==== Records supplied ====
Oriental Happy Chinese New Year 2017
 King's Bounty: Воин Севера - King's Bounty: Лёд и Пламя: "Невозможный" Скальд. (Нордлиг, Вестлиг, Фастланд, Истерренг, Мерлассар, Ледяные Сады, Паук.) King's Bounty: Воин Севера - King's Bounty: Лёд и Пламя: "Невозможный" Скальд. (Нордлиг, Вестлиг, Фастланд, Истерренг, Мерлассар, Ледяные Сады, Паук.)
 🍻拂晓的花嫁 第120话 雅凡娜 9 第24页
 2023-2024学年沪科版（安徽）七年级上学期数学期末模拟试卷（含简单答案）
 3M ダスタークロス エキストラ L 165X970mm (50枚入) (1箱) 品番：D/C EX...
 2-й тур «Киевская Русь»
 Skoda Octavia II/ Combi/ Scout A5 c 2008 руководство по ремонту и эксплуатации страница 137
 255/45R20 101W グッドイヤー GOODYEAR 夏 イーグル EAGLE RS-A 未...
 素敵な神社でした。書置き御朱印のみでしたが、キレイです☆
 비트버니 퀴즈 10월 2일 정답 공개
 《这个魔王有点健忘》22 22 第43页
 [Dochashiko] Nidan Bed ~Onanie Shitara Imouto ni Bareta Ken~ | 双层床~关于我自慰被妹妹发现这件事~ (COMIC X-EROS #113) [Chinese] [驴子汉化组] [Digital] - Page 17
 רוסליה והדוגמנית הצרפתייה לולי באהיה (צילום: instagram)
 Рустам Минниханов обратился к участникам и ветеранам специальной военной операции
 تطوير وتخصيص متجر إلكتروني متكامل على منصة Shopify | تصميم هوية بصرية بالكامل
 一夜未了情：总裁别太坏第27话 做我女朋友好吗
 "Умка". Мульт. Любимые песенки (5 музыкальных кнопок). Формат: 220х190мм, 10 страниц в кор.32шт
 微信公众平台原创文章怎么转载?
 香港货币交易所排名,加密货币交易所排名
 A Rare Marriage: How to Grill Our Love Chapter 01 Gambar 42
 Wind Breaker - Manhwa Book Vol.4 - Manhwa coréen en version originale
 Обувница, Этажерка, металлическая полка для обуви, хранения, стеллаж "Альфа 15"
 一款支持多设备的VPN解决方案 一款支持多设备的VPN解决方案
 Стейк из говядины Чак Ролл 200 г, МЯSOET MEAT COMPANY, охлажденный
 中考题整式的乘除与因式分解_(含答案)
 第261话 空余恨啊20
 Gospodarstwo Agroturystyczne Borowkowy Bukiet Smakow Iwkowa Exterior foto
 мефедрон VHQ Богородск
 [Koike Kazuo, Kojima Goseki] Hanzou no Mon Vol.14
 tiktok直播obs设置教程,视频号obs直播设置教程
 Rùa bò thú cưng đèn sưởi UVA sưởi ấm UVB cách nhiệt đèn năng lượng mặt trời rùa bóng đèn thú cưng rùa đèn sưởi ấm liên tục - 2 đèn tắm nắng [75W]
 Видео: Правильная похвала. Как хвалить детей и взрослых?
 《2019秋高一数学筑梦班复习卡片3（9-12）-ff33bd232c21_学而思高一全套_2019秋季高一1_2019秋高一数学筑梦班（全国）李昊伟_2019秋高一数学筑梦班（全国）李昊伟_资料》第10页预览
====
Copy the records out again word for word.

Exercise answer:
Oriental Happy Chinese New Year 2017
 King's Bounty: Воин Севера - King's Bounty: Лёд и Пламя: "Невозможный" Скальд. (Нордлиг, Вестлиг, Фастланд, Истерренг, Мерлассар, Ледяные Сады, Паук.) King's Bounty: Воин Севера - King's Bounty: Лёд и Пламя: "Невозможный" Скальд. (Нордлиг, Вестлиг, Фастланд, Истерренг, Мерлассар, Ледяные Сады, Паук.)
 🍻拂晓的花嫁 第120话 雅凡娜 9 第24页
 2023-2024学年沪科版（安徽）七年级上学期数学期末模拟试卷（含简单答案）
 3M ダスタークロス エキストラ L 165X970mm (50枚入) (1箱) 品番：D/C EX...
 2-й тур «Киевская Русь»
 Skoda Octavia II/ Combi/ Scout A5 c 2008 руководство по ремонту и эксплуатации страница 137
 255/45R20 101W グッドイヤー GOODYEAR 夏 イーグル EAGLE RS-A 未...
 素敵な神社でした。書置き御朱印のみでしたが、キレイです☆
 비트버니 퀴즈 10월 2일 정답 공개
 《这个魔王有点健忘》22 22 第43页
 [Dochashiko] Nidan Bed ~Onanie Shitara Imouto ni Bareta Ken~ | 双层床~关于我自慰被妹妹发现这件事~ (COMIC X-EROS #113) [Chinese] [驴子汉化组] [Digital] - Page 17
 רוסליה והדוגמנית הצרפתייה לולי באהיה (צילום: instagram)
 Рустам Минниханов обратился к участникам и ветеранам специальной военной операции
 تطوير وتخصيص متجر إلكتروني متكامل على منصة Shopify | تصميم هوية بصرية بالكامل
 一夜未了情：总裁别太坏第27话 做我女朋友好吗
 "Умка". Мульт. Любимые песенки (5 музыкальных кнопок). Формат: 220х190мм, 10 страниц в кор.32шт
 微信公众平台原创文章怎么转载?
 香港货币交易所排名,加密货币交易所排名
 A Rare Marriage: How to Grill Our Love Chapter 01 Gambar 42
 Wind Breaker - Manhwa Book Vol.4 - Manhwa coréen en version originale
 Обувница, Этажерка, металлическая полка для обуви, хранения, стеллаж "Альфа 15"
 一款支持多设备的VPN解决方案 一款支持多设备的VPN解决方案
 Стейк из говядины Чак Ролл 200 г, МЯSOET MEAT COMPANY, охлажденный
 中考题整式的乘除与因式分解_(含答案)
 第261话 空余恨啊20
 Gospodarstwo Agroturystyczne Borowkowy Bukiet Smakow Iwkowa Exterior foto
 мефедрон VHQ Богородск
 [Koike Kazuo, Kojima Goseki] Hanzou no Mon Vol.14
 tiktok直播obs设置教程,视频号obs直播设置教程
 Rùa bò thú cưng đèn sưởi UVA sưởi ấm UVB cách nhiệt đèn năng lượng mặt trời rùa bóng đèn thú cưng rùa đèn sưởi ấm liên tục - 2 đèn tắm nắng [75W]
 Видео: Правильная похвала. Как хвалить детей и взрослых?
 《2019秋高一数学筑梦班复习卡片3（9-12）-ff33bd232c21_学而思高一全套_2019秋季高一1_2019秋高一数学筑梦班（全国）李昊伟_2019秋高一数学筑梦班（全国）李昊伟_资料》第10页预览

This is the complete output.